I’ve never been ahead of the curve with anything, at least off the top of my head that feels like the case. The most I can say is that I liked the band Live before they got famous. Score one for me, but there’s not much else. In fact, I often seem to be the last one to hear things, to do things, and to “get” things. I’m quite proud of our Wii, that we got a year and a half after it was made available to the public. My glasses are the latest style… for 2001. I’m even still rocking an iPod Classic and quite proud of it. Oh, and I just got into spinning, too, about ten years after it became really popular.
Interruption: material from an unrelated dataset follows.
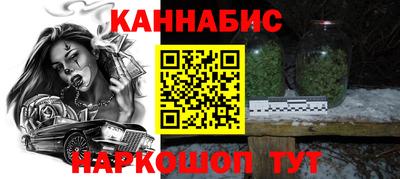 герыч Азнакаево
And all of that’s okay because I don’t need to have the latest everything, or the best quality anything, or the ability to play video games with my friends online. I’m cool with being that guy who drives a 2008 car, who watches every Friends episode a million times, and laughs in all the right places every time, and who sits still at night instead of going clubbing, Madonna-style. Oh wait, Madonna is soooo over. I mean, going clubbing, Miley Cyrus-style.
The funniest thing is that the older I get the more I realize just how ludicrous it is to want the “latest” anything because if you blink that too becomes yesterday’s news and you “have to” get the next version. Finally got the iPhone 5s? Now here comes the 6+ and you have to buy it. Because it’s new, and as Barney Stinson says, “new is always better.” But is it?
I got new sneakers that ended up pinching my feet because the style is for people with standard feet and I have wide ones. I got the new Mumford & Sons record because it was the hip, happening scene, and I hated it. I tried to go clubbing, Taylor Swift-style, and I ended up hanging at the bar chatting with some other guy who seemed tapped out too. And that’s not to say I’m boring. Far from it. I just find my joy and excitement in being inventive, in the type of creativity and oddness that you just can’t teach. Which is fine for me, but which also keeps me somewhat stuck in the stone age.
When I was 12 I decided I wanted to shave my head. Michael Jordan did it, and it seemed like the “in” thing to do, so I went for it. And my head was cold, not to mention pale because I had never done it before. Until that hair grew back in I had the harsh two-tone look that wasn’t good for my reputation with the ladies. Maybe I should have thought before trying to be new and hip. And technology is all good and well until it breaks down or you can’t use it anymore.
When the power went out the other day my daughters looked at each other and at me over the candlelight and shrugged their shoulders. They honestly had no clue what to do or how to do it without electricity, without the power to access the wi-fi that powers most of their iPad apps. I suggested we play hide and seek, and they were nonplussed. Now I know what it feels like to be a dinosaur amongst the Lilliputians. But that’s okay. I wouldn’t know what to do otherwise.
Oh, and I read to them. What a novel notion.